DATASET EXTRACT >>
((

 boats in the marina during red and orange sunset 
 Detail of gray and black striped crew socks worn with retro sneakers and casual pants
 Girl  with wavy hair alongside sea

))
((

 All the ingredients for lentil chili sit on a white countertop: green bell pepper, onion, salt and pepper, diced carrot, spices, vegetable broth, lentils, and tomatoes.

))

State only the count of lines above that hold the string "with".

2